Elle éclata de rire devant son air surpris.
— Il se déplie ! rit-elle encore.
Bruce se leva soudain, la jeune femme dans ses bras agrippée à son cou. Il saisit la poignée qu’il sentit entre les coussins et tira d’un grand coup dessus, tout en poussant la table basse du pied sur le côté. Les tasses tremblèrent, du café se renversa sur la surface laquée. Une fois le lit déployé, il déposa la jeune femme sur le matelas tout en s’allongeant sur elle pour l’embrasser avec passion.
Il était déjà quinze heures lorsqu’ils s’éveillèrent de leur sieste crapuleuse. Julia fut la première à ouvrir les yeux, Bruce était allongé sur le ventre à ses côtés, sa respiration calme et lente la berçait silencieusement. Elle se redressa sur un coude, effleurant de ses doigts son dos musculeux et meurtri. La jeune femme aperçut les deux larges ecchymoses, traces des impacts de balles de cette nuit. Elle évita la zone, fronçant les sourcils. Julia était parfaitement consciente des risques que prenait le multimilliardaire, mais il lui était toujours difficile d’en constater les stigmates sur son corps. Elle poussa un léger soupir.

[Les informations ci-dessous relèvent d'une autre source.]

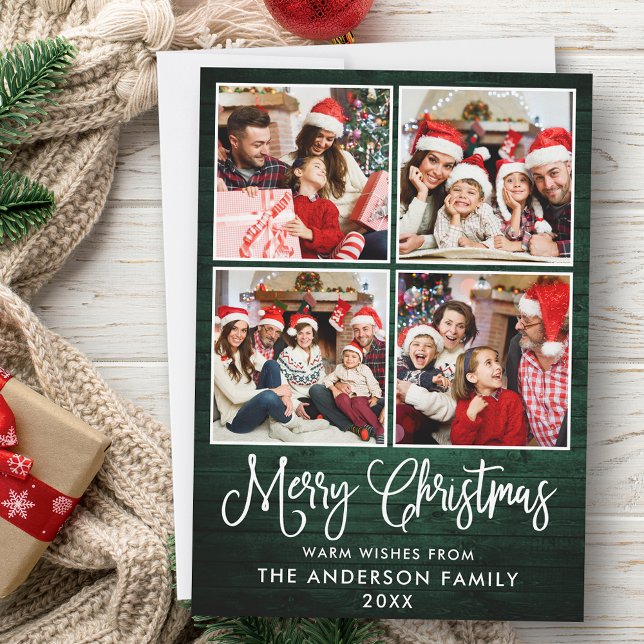 Cartes Pour Fêtes Annuelles Fun Calligraphy Christmas Green Wood 4 Photos (Customize to add text to back of card.)
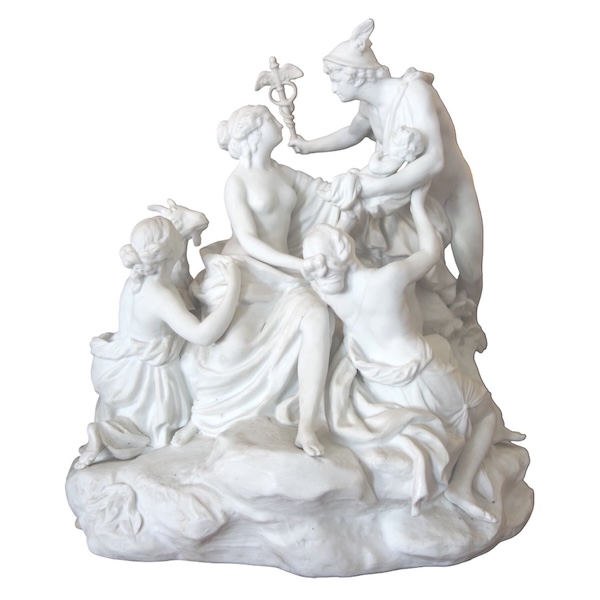 Sèvres : la naissance de Bacchus, grand groupe en biscuit d'époque XVIIIe siècle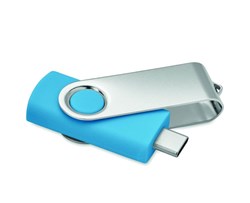 Obrázky: USB flash disk Twister 3.0, typ-C 16GB tyrkysový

— C’est superficiel, la rassura-t-il tandis qu’il ouvrait les yeux et remarquait son air inquiet.
— Cela aurait pu ne pas l’être, murmura-t-elle malgré tout, le regard triste. J’aurais dû contacter Jim cette nuit, j’aurais su qu’il prévoyait une descente, on aurait pu éviter cela…
Bruce la fit doucement taire d’un doigt sur ses lèvres.
— On ne peut pas tout prévoir, dit-il avec raison. Allez, viens là.
Il la prit entre ses bras ; Julia enfouit sa tête dans son épaule et respira cette odeur boisée aux notes de cèdre et de bergamote qu’elle appréciait tant : elle l’apaisait. Toutefois, quelque chose la préoccupait, et elle savait qu’elle devrait lui en parler tôt ou tard.
— La docteure Pawinski m’a contactée, fit-elle d’une voix qui se voulait assurée. Elle dit qu’il y a eu du progrès dans la thérapie du Joker…
— On en a déjà parlé, l’interrompit-il un peu trop abruptement.
— J’ai visionné sa dernière séance hier soir, poursuivit-elle malgré tout. Il serait prêt à révéler ce qu’il s’est passé avec ma sœur quand il était à l’asile la première fois.
Bruce s’écarta de la jeune femme, s’accouda aux coussins et la regarda droit dans les yeux, le visage soudain sombre et fermé.
— Et si c’était un mensonge simplement pour te voir, pour te manipuler ? dit-il d’un ton grave. Tu sais comment il est, ce qu’il a fait…
— Je le sais, dit-elle en se redressant elle aussi. Et d’un autre côté, j’ai beau avoir cherché partout ailleurs, je n’ai trouvé aucune autre piste qui me mènerait à Adeline. Je suis dans une impasse…
Bruce soupira d’exaspération :
— Te rends-tu compte que le message laissé sur les portes de ma tour pourrait très probablement être de son fait ?
Julia baissa la tête en pinçant ses lèvres. Elle le savait pertinemment, mais elle n’avait pas vraiment d’autre choix si elle voulait avancer dans sa propre enquête.
— Je sais que cela pourrait très bien être une manipulation de sa part, et que je ne suis pas forcément prête à le rencontrer en l’état actuel des choses, mais… c’est pour ça que je te demande de m’y aider, reprit-elle d’un ton suppliant. J’ai besoin de savoir ce qu’il s’est passé pour comprendre ce qu’Adeline aurait pu faire ensuite.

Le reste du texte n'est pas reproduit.